This question is about citric acid, a hydrated tricarboxylic acid - AQA - A-Level Chemistry - Question 8 - 2020 - Paper 2

To find the empirical formula, we first need to determine the moles of carbon (C), hydrogen (H), and oxygen (O) in the citric acid.

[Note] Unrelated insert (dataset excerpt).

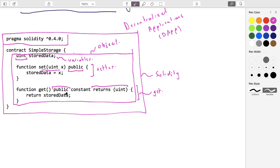There's one other method almost always included in a smart contract that's missing here: a constructor. A constructor runs the very first time the contract is created and pushes whatever initial values you want into the contract's state. This contract doesn't have one, but let's proceed without it.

1. Calculate moles of CO₂ and H₂O:

   • Moles of CO₂: $n_{CO_2} = \frac{1.89 \text{ g}}{44.01 \text{ g/mol}} = 0.043 \text{ mol}$
   • Moles of H₂O: $n_{H_2O} = \frac{0.643 \text{ g}}{18.02 \text{ g/mol}} = 0.036 \text{ mol}$

2. Calculate moles of O from products: For CO₂, each mole contains 2 moles of O:

   • Moles of O from CO₂: $0.043 \text{ mol CO}_2 \times 2 = 0.086 \text{ mol O}$ For H₂O, each mole contains 1 mole of O:
   • Moles of O from H₂O: $0.036 \text{ mol H}_2O \times 1 = 0.036 \text{ mol O}$

3. Total moles of O: $n_{O} = 0.086 + 0.036 = 0.122 \text{ mol O}$

4. Total mass of O based on calculated moles:

   • Mass of O: $n_{O} \times 16 = 0.122 \text{ mol} \times 16 \text{ g/mol} = 1.952 \text{ g}$

5. Finding mass of C and H:

   • Mass of H from H₂O: $0.036 \text{ mol H}_2O \times 2 \text{ g/mol} = 0.072 \text{ g H}$
   • Total mass (1.50 g) = mass of C + mass of H + mass of O: $1.50 = m_C + (0.072 + (0.913))$
   • Therefore, mass of C: $m_C = 1.50 - (0.913 + 0.072) = 0.515 ext{ g C}$

6. Calculate moles of C: $n_C = \frac{0.515}{12.01} = 0.043 \text{ mol C}$

7. Determine the molar ratios: Convert to simplest ratio:

   • C: 0.043
   • H: 0.072 / 2 = 0.036
   • O: 0.122
   • Empirical ratio C:H:O = 1:2:4 thus empirical formula is C₆H₈O₇.